**DATA EXTRACTS:**
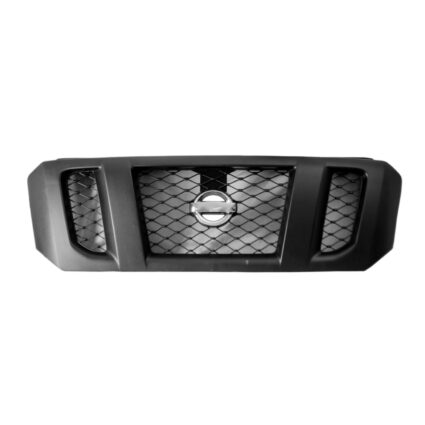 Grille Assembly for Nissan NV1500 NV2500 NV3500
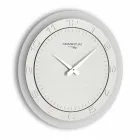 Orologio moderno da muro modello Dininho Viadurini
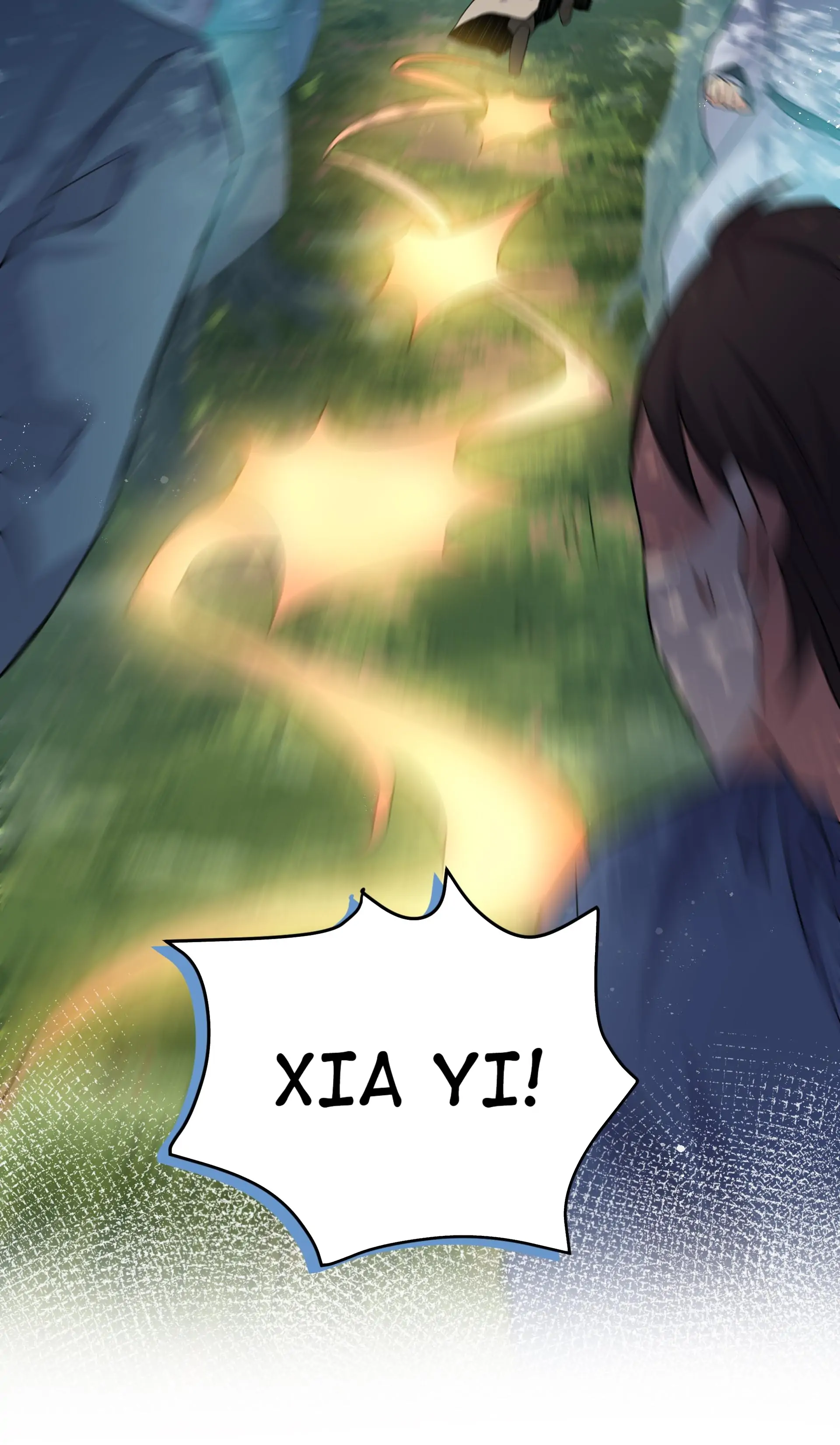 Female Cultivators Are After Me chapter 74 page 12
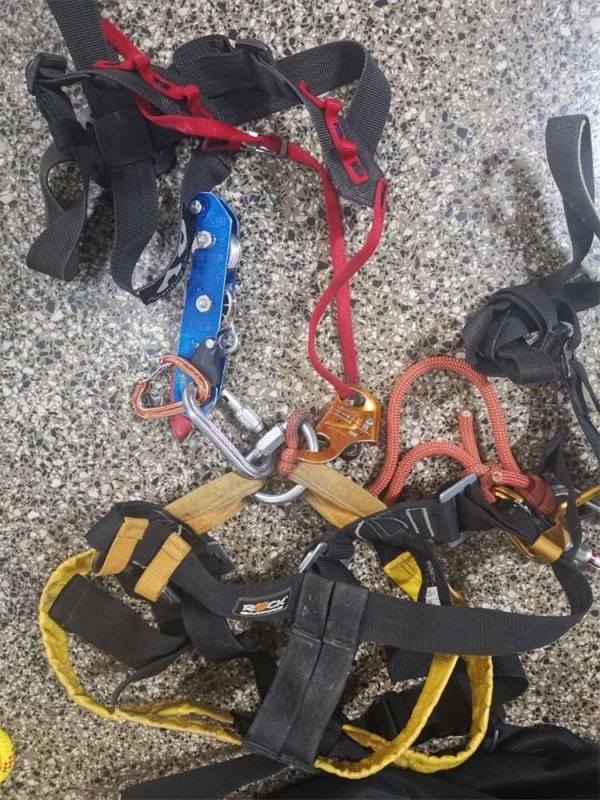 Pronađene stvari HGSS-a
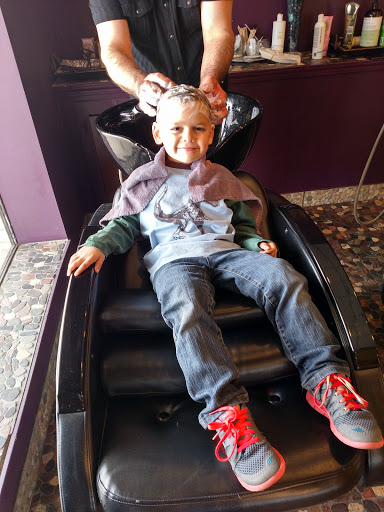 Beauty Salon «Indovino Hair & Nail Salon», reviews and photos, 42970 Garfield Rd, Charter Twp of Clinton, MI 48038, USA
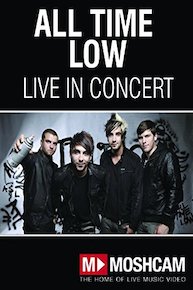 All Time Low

**WORK INSTRUCTIONS:** Return the lines from the one that contains "Female Cultivators Are" through the final line of the listing above, inclusive. Transcribe them exactly and drop the pictures.

**WORKED SOLUTION:**
 Female Cultivators Are After Me chapter 74 page 12
 Pronađene stvari HGSS-a
 Beauty Salon «Indovino Hair & Nail Salon», reviews and photos, 42970 Garfield Rd, Charter Twp of Clinton, MI 48038, USA
 All Time Low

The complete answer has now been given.